Some important potential sources of discrepancy between U/S and clinical findings should be taken into account. The first one stems from the dynamic nature of the surgical procedure. During membrane peeling under high infusion, for example, when areas of traction detachment become flattened at the end of the procedure, the traction detachment can be missed when the retina is finally visualized. This can lead to a ‘false’ false-positive finding in that the US result, which is, in fact, accurate, is interpreted as inaccurate because of surgically generated distortion of the clinical picture. On the other hand, traction RD can occur during surgery as a result of insertion of infusion beneath the retina or because of positive retraction of the retina itself. This can result in a ‘false’ false-negative finding. The second source of discrepancy stems from the fact that hemorrhagic PVD can be mistaken for RD since it shows 100% reflectivity by standardized A scan. The recommendation is to follow the membrane upward with an A scan and to look for a decrease in reflectivity. However, at times, since reflectivity remains at 100%, it is impossible to distinguish between the two pathologies.

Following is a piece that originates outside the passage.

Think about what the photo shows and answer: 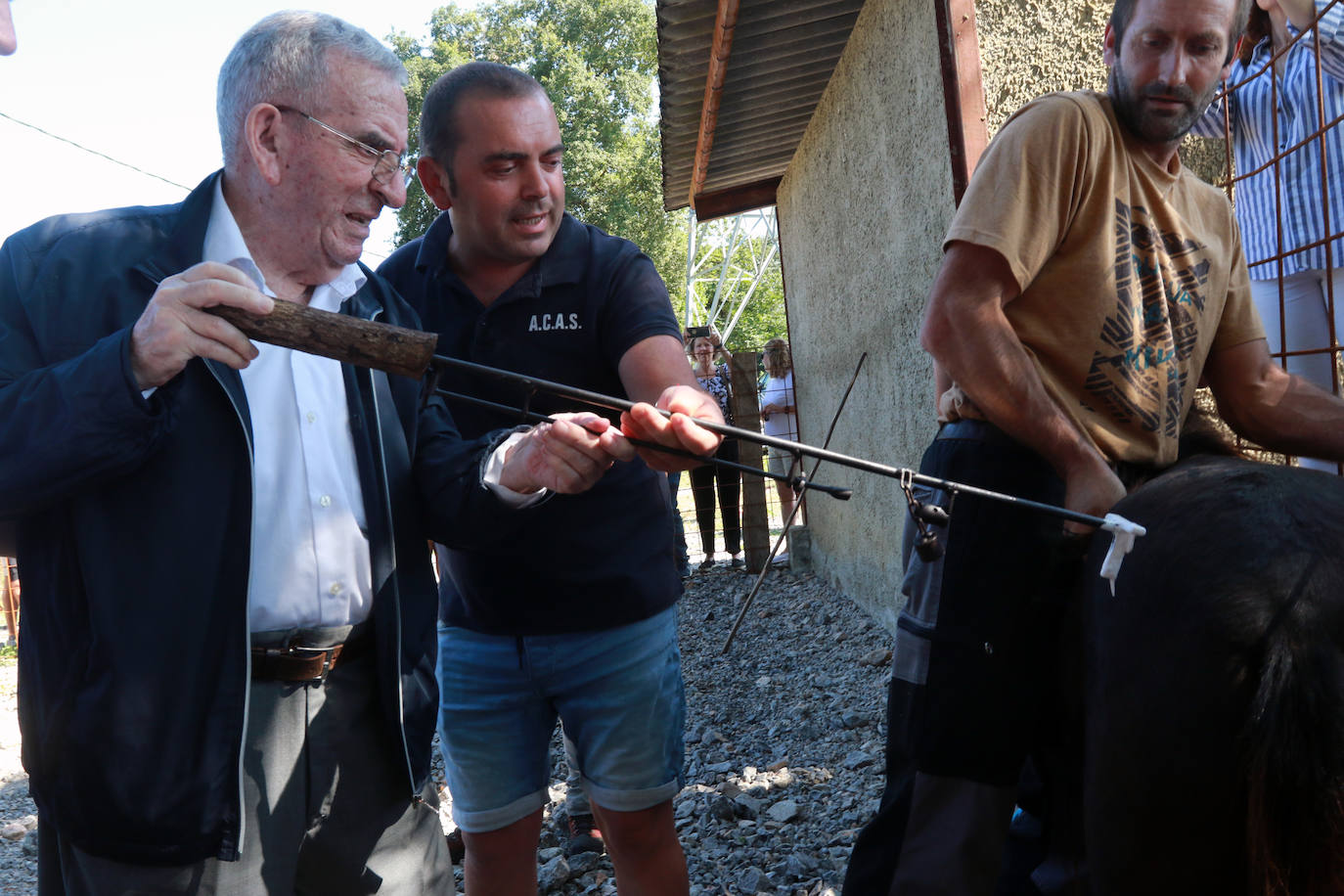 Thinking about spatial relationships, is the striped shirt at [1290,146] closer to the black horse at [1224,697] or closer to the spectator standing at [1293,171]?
the spectator standing at [1293,171]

Three studies of spontaneous V-HEMO11,12,13 concluded that retinal tears need to be large or giant-size in order to be detected by U/S. Nischal et al14 reported the findings of a prospective study of eight nondiabetic patients with spontaneous V-HEMO. Four were thought to have a small to moderate retinal tear on initial U/S. This was later confirmed when the hemorrhage cleared. DiBerardo et al15 published a retrospective study of the diagnosis of new retinal tears in 11 of 42 patients (26%) with spontaneous V-HEMO (excluding trauma and diabetes). The tears were small to moderate in size. They were correctly diagnosed in 10 of 11 cases (91%). In this study, one retinal tear was not diagnosed and one neo-vascular frond was mistaken for a tear. None of the patients had multiple tears or RD.

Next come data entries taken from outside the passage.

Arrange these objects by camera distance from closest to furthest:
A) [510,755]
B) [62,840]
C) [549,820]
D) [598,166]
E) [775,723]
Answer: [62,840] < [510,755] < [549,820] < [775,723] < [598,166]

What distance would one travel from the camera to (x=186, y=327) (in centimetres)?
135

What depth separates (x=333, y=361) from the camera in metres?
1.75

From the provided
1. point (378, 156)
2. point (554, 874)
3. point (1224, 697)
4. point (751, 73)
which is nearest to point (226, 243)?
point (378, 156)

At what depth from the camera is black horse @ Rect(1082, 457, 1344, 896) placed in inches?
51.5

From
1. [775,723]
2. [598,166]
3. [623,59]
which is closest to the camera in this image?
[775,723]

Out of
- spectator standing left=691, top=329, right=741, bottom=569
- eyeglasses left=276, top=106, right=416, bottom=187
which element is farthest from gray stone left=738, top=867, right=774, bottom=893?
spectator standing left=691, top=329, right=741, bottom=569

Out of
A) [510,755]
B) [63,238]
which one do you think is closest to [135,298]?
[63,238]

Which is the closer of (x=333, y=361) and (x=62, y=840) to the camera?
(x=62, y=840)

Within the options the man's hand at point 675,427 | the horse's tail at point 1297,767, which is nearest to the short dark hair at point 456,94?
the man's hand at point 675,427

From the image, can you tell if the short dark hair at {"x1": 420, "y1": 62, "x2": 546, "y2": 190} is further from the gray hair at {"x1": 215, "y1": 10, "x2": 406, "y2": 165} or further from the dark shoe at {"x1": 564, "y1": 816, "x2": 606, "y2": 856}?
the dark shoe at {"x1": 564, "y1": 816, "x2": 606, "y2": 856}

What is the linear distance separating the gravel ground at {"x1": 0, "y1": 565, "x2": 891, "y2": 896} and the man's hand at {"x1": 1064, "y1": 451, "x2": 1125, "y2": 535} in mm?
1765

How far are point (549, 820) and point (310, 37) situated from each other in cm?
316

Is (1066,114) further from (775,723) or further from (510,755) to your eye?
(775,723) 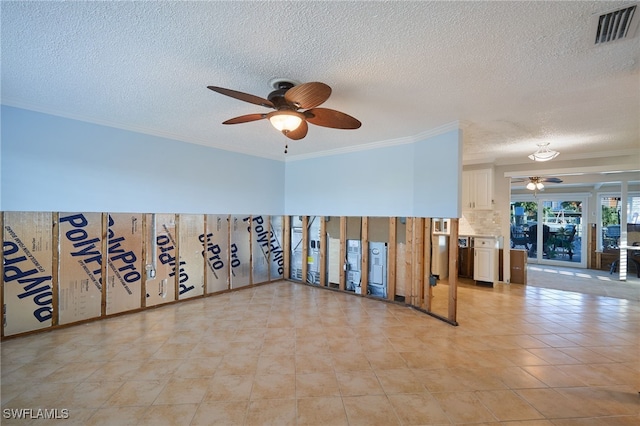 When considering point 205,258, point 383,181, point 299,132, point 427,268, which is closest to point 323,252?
point 383,181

In the current study, only four out of nine tears (44%) were diagnosed correctly. All the undiagnosed tears were small and associated with a well-diagnosed RD. In most cases of rhegmatogenous RD, U/S is incapable of detecting the actual retinal tear,7 but Blumenkranz and Byrne7 showed that the retinal tear is usually present within two clock hours of the area of the greatest retinal elevation. Thus, U/S may provide indirect support for the location of retinal tear by determining the site where the detachment is most elevated. We concur with the findings of Blumenkranz and Byrne that it is very difficult to detect small tears in rhegmatogenous RD.

Diagnostic techniques such as computed tomography (CT) and plain-film radiography are standard methods for identifying intraocular foreign bodies. In the present study, diagnostic U/S correctly identified the presence of radio dense foreign bodies. Despite the high degree of sensitivity (100%) and specificity (99%) of U/S in this study, it should be considered only as an adjunct to the standard imaging techniques (CT scan) when an intraocular foreign body is suspected in post-traumatic eyes.

Our findings indicate that the combination of contact B-scan and standardized A-scan U/S provides a highly reliable method for the detection and characterization of RD and associated vitreous abnormalities. In V-HEMO, the detection of retinal tears is less accurate. Reliance on these techniques for the assessment and surgical management of patients with V-HEMO appears to be mandatory.